Provided information START

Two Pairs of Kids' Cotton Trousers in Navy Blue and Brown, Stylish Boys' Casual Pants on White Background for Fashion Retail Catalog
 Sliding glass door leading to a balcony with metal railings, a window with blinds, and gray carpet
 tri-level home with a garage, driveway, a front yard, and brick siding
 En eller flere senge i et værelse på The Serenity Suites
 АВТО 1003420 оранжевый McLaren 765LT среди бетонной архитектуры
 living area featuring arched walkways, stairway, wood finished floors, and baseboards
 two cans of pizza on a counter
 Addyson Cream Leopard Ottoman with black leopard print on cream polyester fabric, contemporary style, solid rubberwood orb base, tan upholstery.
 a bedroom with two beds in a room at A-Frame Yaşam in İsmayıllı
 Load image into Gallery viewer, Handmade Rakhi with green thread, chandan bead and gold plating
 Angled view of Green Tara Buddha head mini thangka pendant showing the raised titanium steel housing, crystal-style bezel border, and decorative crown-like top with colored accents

Provided information END

▶ What the exercise asks
I need each line of the entries that holds the string "style" located and copied.

▶ Result of the exercise
 Addyson Cream Leopard Ottoman with black leopard print on cream polyester fabric, contemporary style, solid rubberwood orb base, tan upholstery.
 Angled view of Green Tara Buddha head mini thangka pendant showing the raised titanium steel housing, crystal-style bezel border, and decorative crown-like top with colored accents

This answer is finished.